WORK REQUEST: Transcribe each line below verbatim; pictures excluded.
== Segment start ==
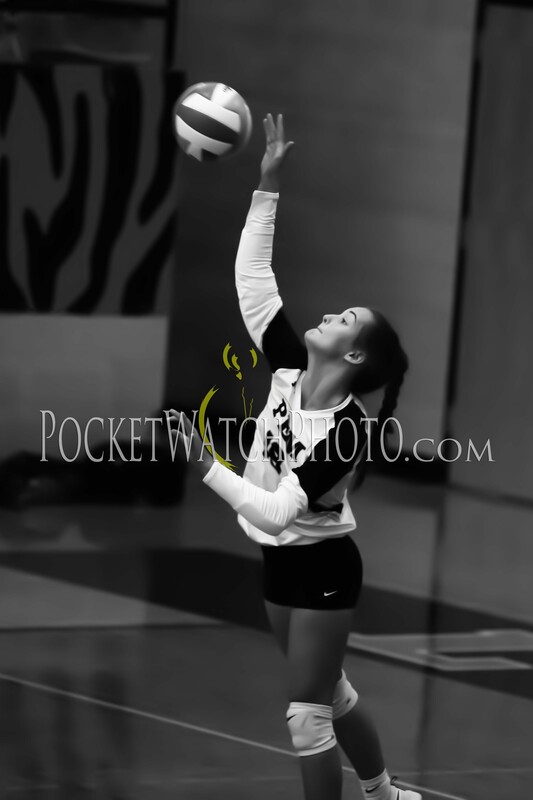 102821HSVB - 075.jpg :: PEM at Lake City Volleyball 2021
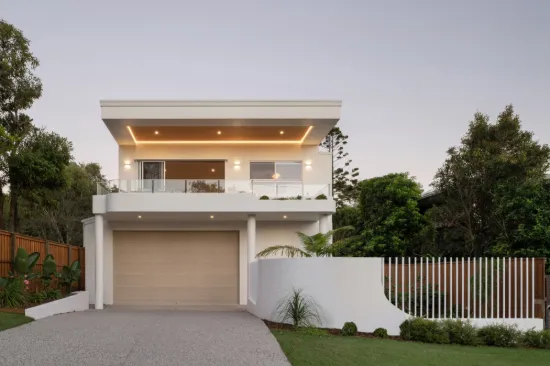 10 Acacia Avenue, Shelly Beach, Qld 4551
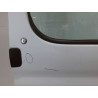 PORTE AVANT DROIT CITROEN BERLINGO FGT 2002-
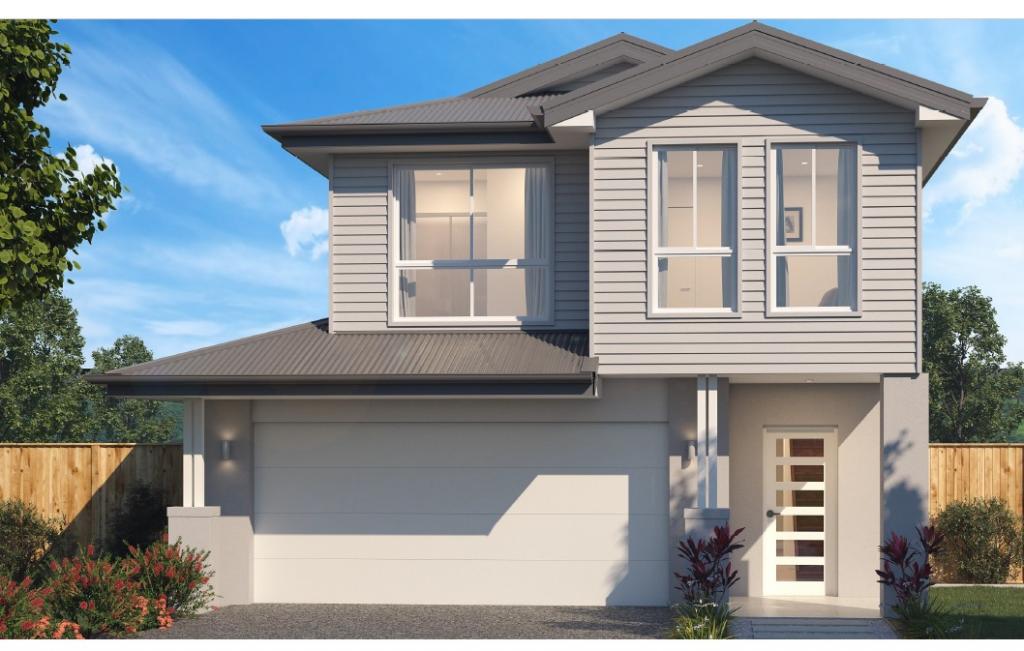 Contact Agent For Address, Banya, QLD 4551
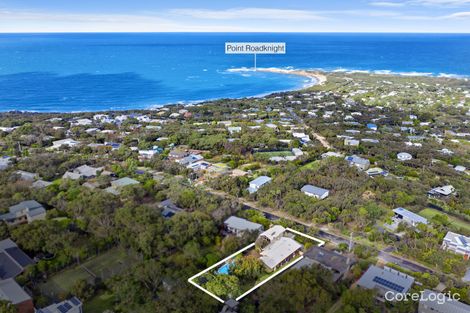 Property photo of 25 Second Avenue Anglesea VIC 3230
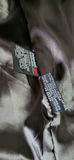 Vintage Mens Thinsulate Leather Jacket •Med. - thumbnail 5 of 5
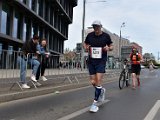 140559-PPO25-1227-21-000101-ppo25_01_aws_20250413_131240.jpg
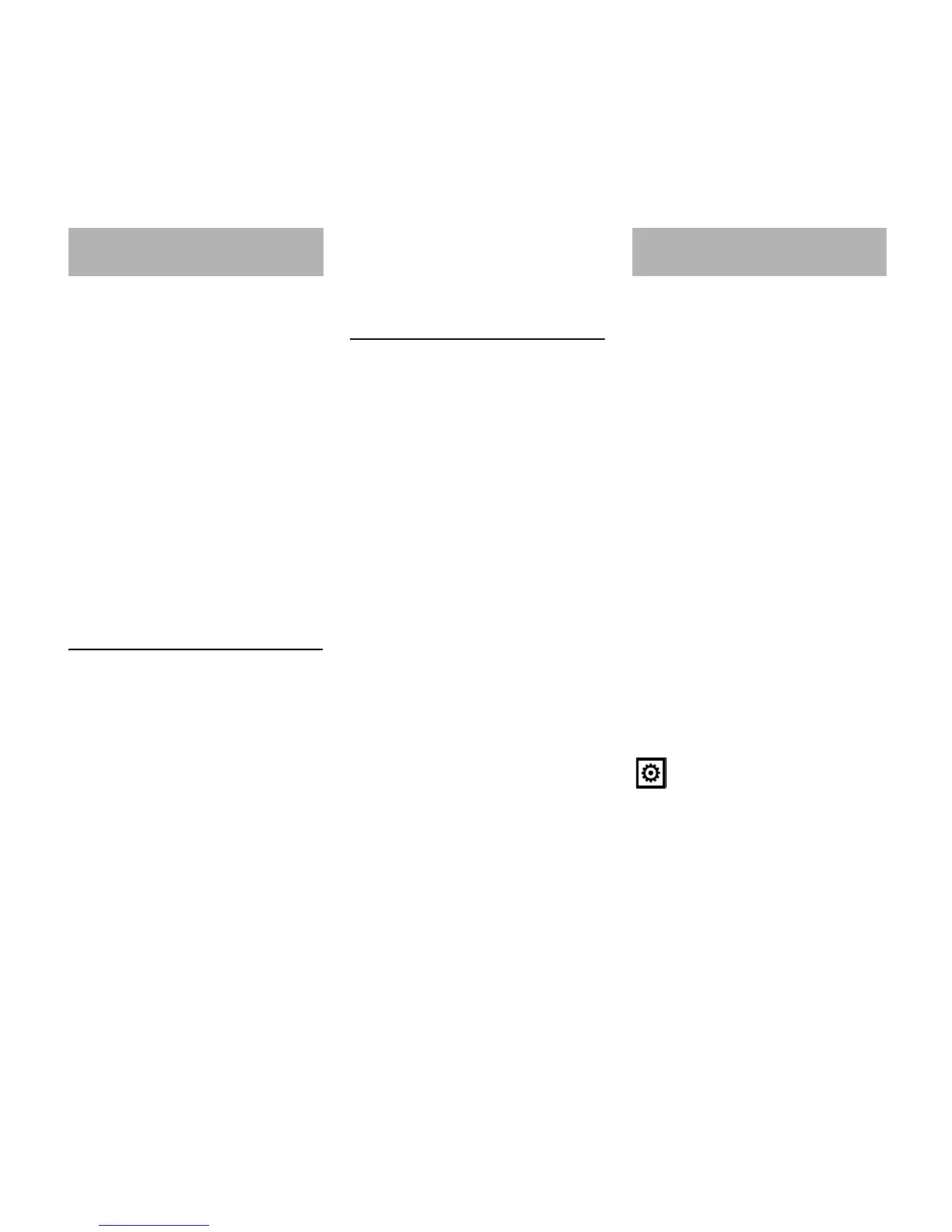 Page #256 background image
== Segment end ==
TASK RESULT:
 102821HSVB - 075.jpg :: PEM at Lake City Volleyball 2021
 10 Acacia Avenue, Shelly Beach, Qld 4551
 PORTE AVANT DROIT CITROEN BERLINGO FGT 2002-
 Contact Agent For Address, Banya, QLD 4551
 Property photo of 25 Second Avenue Anglesea VIC 3230
 Vintage Mens Thinsulate Leather Jacket •Med. - thumbnail 5 of 5
 140559-PPO25-1227-21-000101-ppo25_01_aws_20250413_131240.jpg
 Page #256 background image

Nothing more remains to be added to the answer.